The Eyal Lovett Trio is an international piano jazz trio that focuses on themes and stories about displacement. The bandleader-pianist-composer Lovett is an Israeli and the Czech double bass player Czech Jan Sedlák both live in Aalborg, Denmark while the Australian drummer Alan Lowe lives in Berlin. «Through The Rain» is already the fourth album of the Lovett as a bandleader and was recorded live, without an audience, at the Royal Academy of Music in Aalborg (where Lovett studies now) in 2020.
Lovett lived in Berlin before relocating to Aalborg, but he does not feel belongs anywhere, not in Israel, Germany or Denmark. But his warm and lyrical music, as well as his gift as a musical storyteller owes much to the formative time of growing up in Israel and the Israeli culture. «Through The Rain» opens with a sentimental medley of popular Israeli songs – the solo piano «Hofim» (beaches in Hebrew), reflecting «where the shore meets the land, or where you meet yourself», «Shir Tishrey» and «Ata Mitorer». This medley also marks the seminal influence of the introspective and somehow melancholic ECM school had on Lovett, as well as the organic, well-balanced and playful flow and the immediate affinity of Lovett, Sedlák who joined the trio only recently, and Lowe, who plays with Lovett in the last ten years.

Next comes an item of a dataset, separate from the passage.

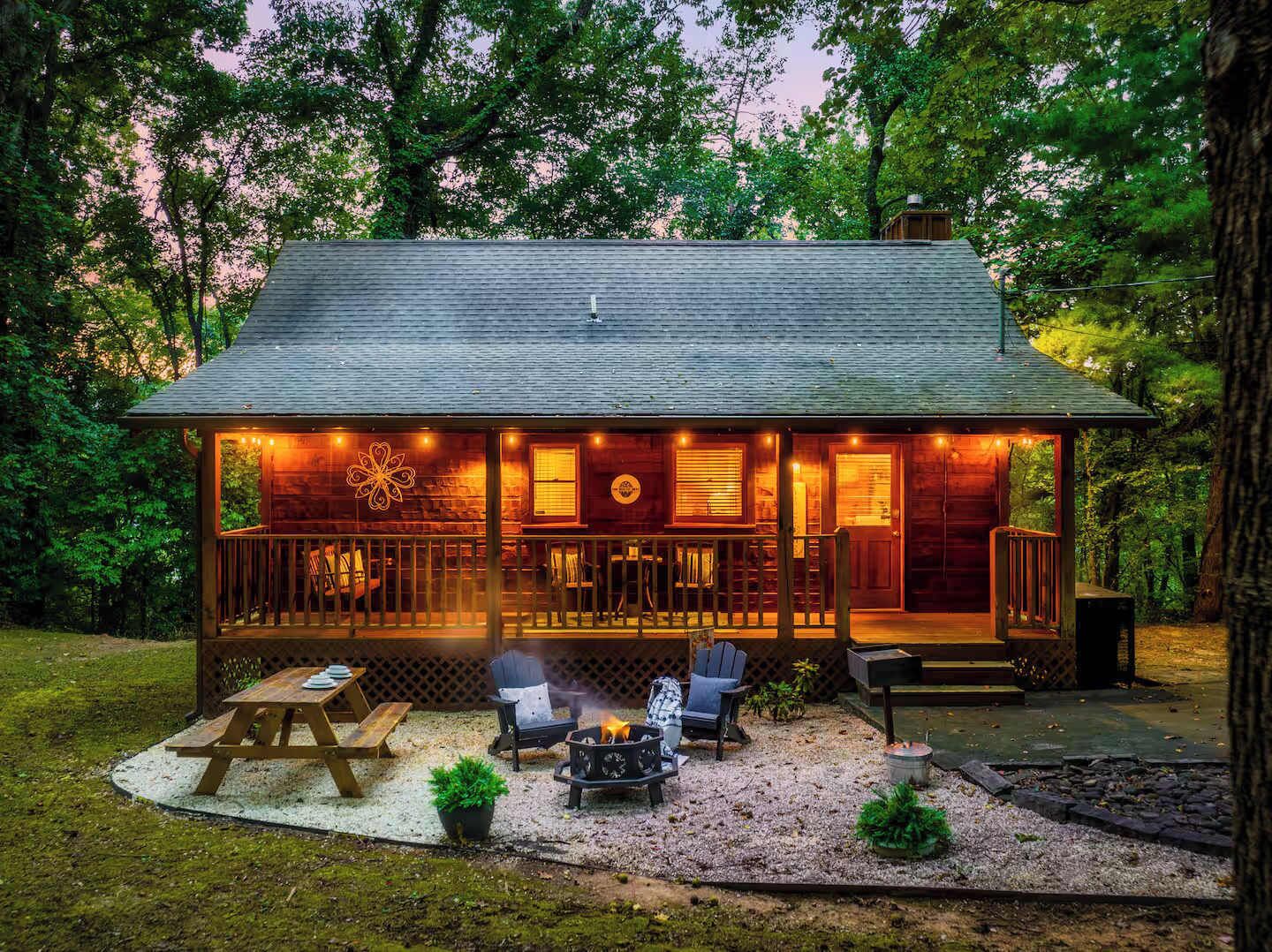 A wooden cabin with a porch, outdoor seating, and a fire pit.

The dramatic «Don’t Lie» and «A Lost World» follow Lovett’s inner compass. «Don’t Lie» is, obviously, about being true to your inner self, while «A Lost World» was inspired by Stefan Zweig, the Austrian-born Jewish writer who in 1934, as a result of the rise of the Nazis in Germany, emigrated first to England and eventually to Brazil, there, he committed suicide together with his wife in 1942. The ex-pat Lovett, like Zweig, is disillusioned about the future of Israel and does not feel at home there anymore. But Lovett is an optimist by nature as his «Teach Me About Leaves», written for his children and borrows its title from Leonard Cohen’s poem, the title piece and «With You» tell.
The trio closes its set of expressive and captivating musical stories with another medley of Israeli themes and stories. The Sephardic-tinged «Florentin», after the hipster neighborhood in Tel Aviv, where Lovett met his wife (and where the Levontin 7 club is located), the emotional cover of the popular song «Ein Gedi», titled after the kibbutz located near the Dead Sea, and a touching solo piano reprise of «Hofim».